Le spectacle commence par deux longues jam instrumentales. Histoire de mettre le feu aux poudres. Et de faire se relever le soleil depuis peu endormi. Cuivres rutilants, tam-tams pulvérisés, wah-wah frénétiques, rythmes obsédants, danseuses en tenues traditionnelles avec coiffes et bijoux ethniques, le visage peint de motifs tribaux, les fesses frénétiquement rebondies et vibrantes; une lourde musique qui roule, qui gronde, qui tempête prend d'assaut l'Aéronef. De quoi secouer comme un cocotier le plus blasé des Hipsters.

Sentant que la température vient de monter d'un cran, Seun Kuti fait son apparition. Incroyablement sapé dans son costume fringant et personnalisé. Beau comme les blancs ne le seront jamais. Comme à chaque fois, on est frappé par la ressemblance avec son père. Mêmes pommettes  saillantes, même douceur dans les yeux, même regard séducteur, même sensualité dans le déhanché. Il sourit béatement, lève son saxophone et se joint à la danse des instruments.

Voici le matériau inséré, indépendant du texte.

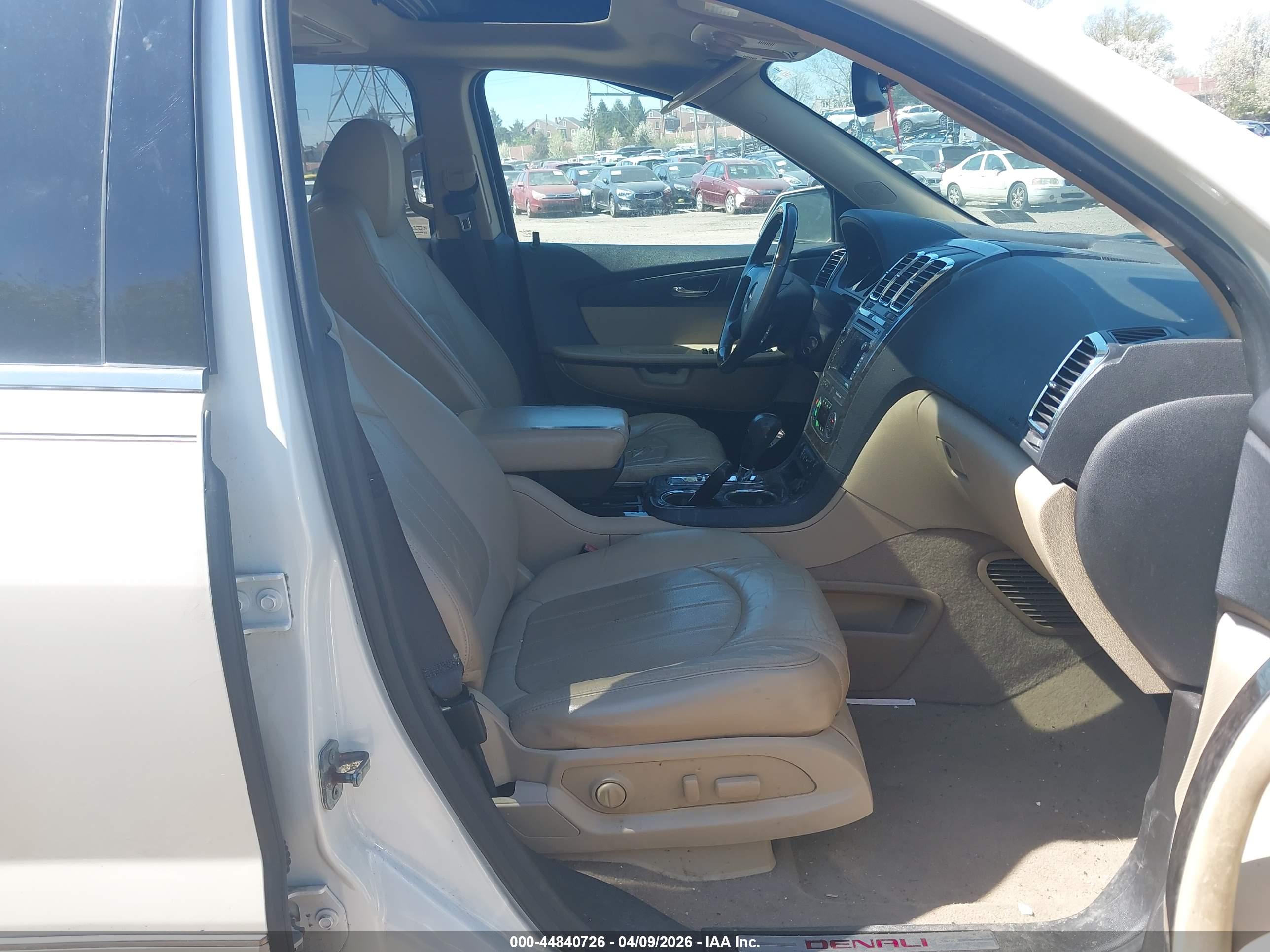 GMC ACADIA image 5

L'exceptionnelle musicalité de l'Afrobeat originel, paternel est magnifiquement reconstituée. Avec des morceaux à la fois torrides et guerriers. La section de cuivres est à l'avant-garde tout au long du concert. Les différents trompettistes et saxophonistes déroulent leurs partitions individuelles ou collectives avec une hargne conquérante qui ne relâchera jamais la pression. Les guitaristes et bassiste, au jeu fusionnel et complémentaire, leur offrent un solide renfort. A l'arrière-garde, les batteurs et percussionnistes s'occupent de porter le coup de grâce. Passionnant à regarder et à écouter.

Au milieu, Seun. Impérial. Dansant de manière saccadée. Avec un érotisme animal, magnétique. Le timbre de voix rocailleux et profond. Virtuose au saxophone. Poussant la foule à relâcher prise. Mais n'oubliant pas l'engagement politique. Avec des diatribes ironiques sur les méfaits du FMI ( avec le cinglant 'IMF', pour International Mother Fucker), l'exploitation du continent africain ou la paralysie sociale d'un peuple asservi. Héritier de son père jusqu'au bout du micro. Jusqu'au plus profond de sa chair. Torse nu, son dos révèle un tatouage qui inscrit dans ses pores la formule « Fela Lives ».

Et c'est peut-être là que le bât blesse quelque peu. Oh, impossible de bouder un tel spectacle. Surtout quand on découvre l'artiste pour la première fois sur scène. Une telle rage et une telle maîtrise musicale ne peuvent que mettre à genoux. Mais à force de vouloir respecter l'héritage familial lors de ses concerts, de ne pas s'écarter des codes, Seun en oublie quelque peu de développer ce qui fait l'originalité et la modernité de ses trois albums : les influences Jazz contemporaines, les emprunts au Hip Hop américain, la sophistication de la Soul actuelle... Des petits détails que l'on aimerait bien retrouver en live.

Pas évident d'être un « fils de »... Et de s'émanciper.